The Risk of Being Judged

Posted by Mark Fallon

Oct 21, 2016 5:01:00 AM

“It took me a long time not to judge myself through someone else's eyes.” – Sally Field

Comic Books.jpgI read comic books.

My friends have known this for the last 40 years, but it’s not something I usually share in public. My Goodreads list includes novels, but the majority of books I read are about management, history, science and philosophy. I’m a 54-year-old businessman running a consulting company. As a writer and a consultant, I want people to take me seriously. And serious people don’t read comic books.

Actually, they do. I was recently reminded of my own misgivings and their impact on my life.

Last weekend was the Boston Book Festival. In addition to exhibits of authors, bookstores and publishers, the festival had informational sessions on different genres. The panels are a blend of national and local celebrities, as well as famous and not-so-famous authors. It’s a great opportunity to gain insight to the writers’ approach towards their craft.

The unexpected highlight of the day was a session entitled “BFF Unbound: Not Your Grandma’s Romance”. Filmmaker Laurie Kahn moderated a panel of 4 authors, who shared how they began writing romance novels, the different subgenres in the romance category, and their interactions with readers. I couldn’t believe I’d left my normally ever-present notebook at home.

A common theme was the reluctance of the authors to embrace romance novels – either as a reader or a writer. Several had Master's degrees, one had been an English professor and one was a computer systems professional. They were serious, well-educated people. And romance novels weren’t for serious people.

Actually, they are.

The writers had to get over their own preconceptions of what romance novels were, and who would be their readers. They discovered that romance fiction contained universal themes of the human condition, which could be expressed in many different settings. Their audience were people who read multiple books a week, if not a book a day. Writing romance would be as authentic as any other genre.

Choosing this course of action meant risking being judged by certain segments of society, including their close friends. However, it also meant joining a supportive community of millions of readers who embrace their choices and don’t worry about what other people think. An added bonus – being financially successful in the multi-billion dollar romance novel market.

Too often, we let the judgments of others interfere with embracing who we are – and who we can become. In many ways, social media has intensified these feelings, with people posting disparaging comments about types of films, music or books. Or perhaps putting down others because of what they prefer to eat – or not eat. It can even devolve to insulting other runners because of the distances they choose or the finishing times of their races.

While perhaps meant in jest, these posts can cause embarrassment for their unintended targets. We all have some level of insecurity, and the wrong phrase can magnify our self-doubt. We’re driven further into silence. And farther away from our joy.

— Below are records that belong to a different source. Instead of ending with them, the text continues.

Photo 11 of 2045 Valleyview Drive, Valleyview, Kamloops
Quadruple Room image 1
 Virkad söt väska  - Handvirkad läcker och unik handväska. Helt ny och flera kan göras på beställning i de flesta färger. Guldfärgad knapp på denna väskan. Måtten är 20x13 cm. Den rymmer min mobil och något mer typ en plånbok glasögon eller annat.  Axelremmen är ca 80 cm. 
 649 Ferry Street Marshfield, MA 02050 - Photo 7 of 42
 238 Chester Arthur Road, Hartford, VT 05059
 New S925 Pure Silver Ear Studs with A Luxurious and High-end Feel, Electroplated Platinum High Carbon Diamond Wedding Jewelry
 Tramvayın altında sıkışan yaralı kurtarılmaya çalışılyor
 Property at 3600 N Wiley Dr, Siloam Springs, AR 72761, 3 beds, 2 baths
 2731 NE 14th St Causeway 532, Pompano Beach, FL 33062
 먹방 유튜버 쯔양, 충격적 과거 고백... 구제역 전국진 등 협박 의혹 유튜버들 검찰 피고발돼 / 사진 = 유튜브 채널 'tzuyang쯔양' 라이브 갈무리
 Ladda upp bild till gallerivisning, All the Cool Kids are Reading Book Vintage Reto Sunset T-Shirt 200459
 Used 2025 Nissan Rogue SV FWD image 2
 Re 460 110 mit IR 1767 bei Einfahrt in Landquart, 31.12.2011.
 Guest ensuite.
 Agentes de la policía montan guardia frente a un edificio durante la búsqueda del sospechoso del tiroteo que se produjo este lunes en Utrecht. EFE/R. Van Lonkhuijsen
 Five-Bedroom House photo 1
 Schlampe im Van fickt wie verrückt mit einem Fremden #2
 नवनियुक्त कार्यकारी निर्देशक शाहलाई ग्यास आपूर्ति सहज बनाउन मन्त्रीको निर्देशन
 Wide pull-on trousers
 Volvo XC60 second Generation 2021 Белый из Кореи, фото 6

There’s little we can do to change the actions of others. But we can change ourselves. First - before posting that next negative comment – pause and reconsider. If the post doesn’t serve any positive usefulness, why bother? Is it worth making yourself feel good – at the expense of someone else?

More importantly, be proud of who you are – including all of your idiosyncrasies and passions. Stop being concerned about what “everyone” thinks. As long as your joy doesn’t bring someone else pain, then it’s good. Read comic books, watch silly television shows, go for runs before sunrise, or do whatever it is that makes you happy. Look inward, not outward, for approval.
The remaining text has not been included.